However, he has had to get rid of the shed where they lived after a neighbour complained and it was discovered the family had not sought planning permission.
The Stone family had just moved into their council home when the structure was built.
They claim they told council officers about Reece's birds when they were shown their new property and built the shed to house them, believing it would not be a problem.
The family have now taken down the pigeon loft after being given a deadline by the council.
Reece's dad Keith said the Ifield School pupil was "really upset".
Since the trouble with the pigeons began, he said his son - who has special needs - has been feeling down.

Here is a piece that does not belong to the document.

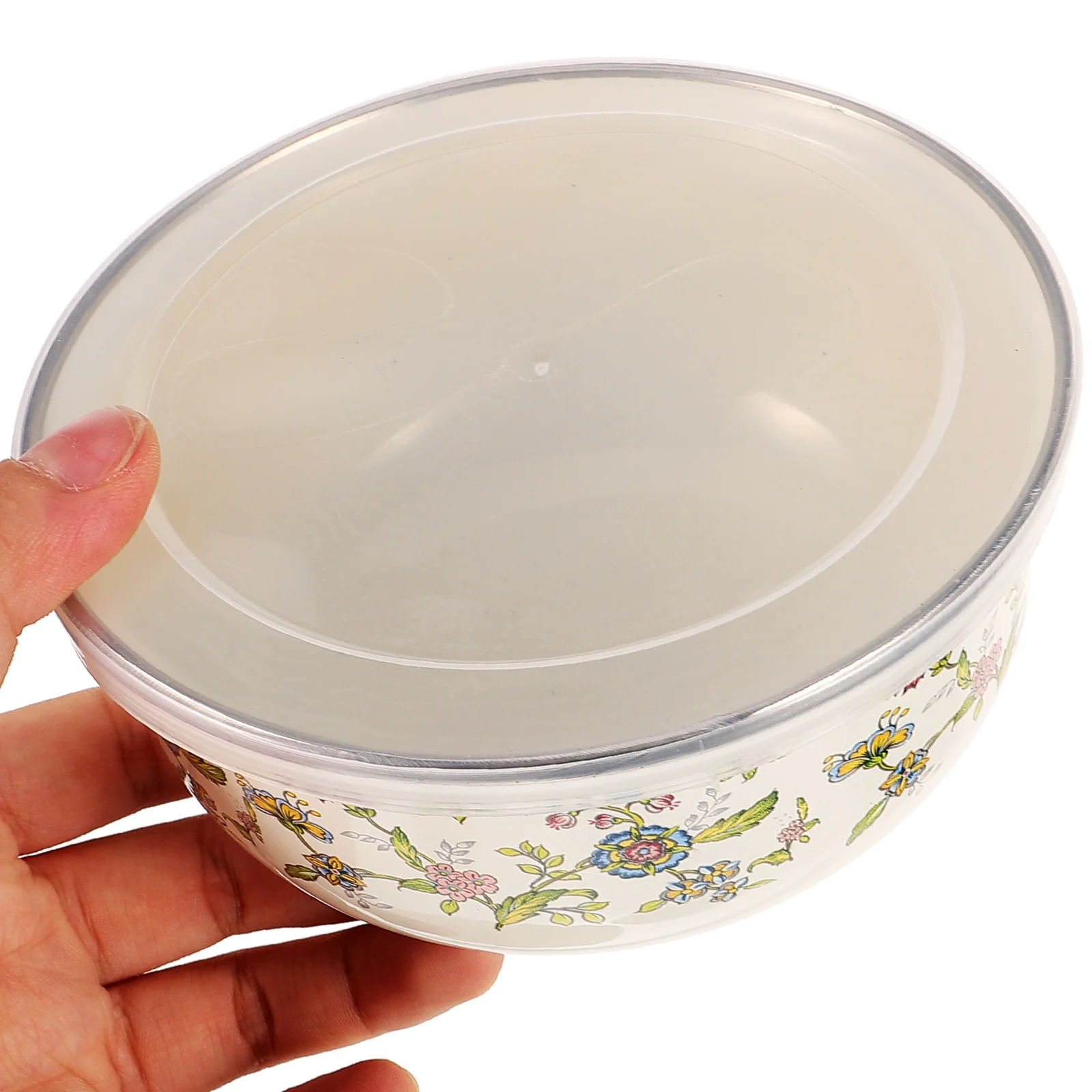 Enamel Covered Bowl Food Containers Lids Salad Bowl With Lid Household Soup Enamelware Plastic Mixing Child Metal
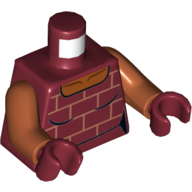 Visuel indicatif Rebrickable de Torse, gilet, brique Motif imprimé au mur, bras orange foncé, mains rouge foncé (Torso, Vest, Brick Wall Print, Dark Orange Arms, Dark Red Hands)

Reece is a member of a pigeon racing club that meets at Gravesend Rugby Football Club, in Donald Biggs Drive.
Mr Stone said: "It's made him feel down and affected his work at school.
"It's been put in his book that he doesn't concentrate because of his birds. It's affecting his learning.
"The birds give him responsibility and it helps him with his numbers, he gets so much out of it. He lives and breathes for his birds."
Reece has had to keep the pigeons cooped up in crates for the past two-and-a-half weeks – conditions in which they should not be stored in for more than two or three days.
The youngster often races his pigeons in tournaments, but has had to cancel his registration with the Royal Pigeon Racing Association because he changed address.
He cannot renew his registration and start racing again until he has proper conditions in which to house the birds.
Reece said: "I feel upset. The birds make me happy and they're important to me.
"I like to race them over to France and I enjoy being part of my racing club. It keeps me out of trouble.
"I'm worried about my birds because of the poor conditions and they're not getting out."
The Stone family have written to the RSPCA about their concerns over the health and safety of their winged friends, hoping they will help them fight their cause.
A Gravesham council spokesman said: "The tenant had no permission to build a structure to house pigeons at either council property. This is against the tenancy agreements which the tenant had signed.
"After receiving several complaints after the construction of the latest large outbuilding, the council advised the tenant that they were in breach of their tenancy.
"The tenant has formally complained to the council after we requested that the building be removed and was told that they had to seek permission. Keeping up to 12 pigeons is allowed under the tenancy provided they are kept in a purpose-built loft and provided permission is granted.
"The council understands that the tenant intends to keep about 90 pigeons and has never asked for any permissions. The tenant was told they must remove the outbuilding by January 14 or face legal proceedings. They have the right to appeal.
"The council has sympathy for the tenant but has to bear in mind the number of animals proposed to be kept and the effect on others."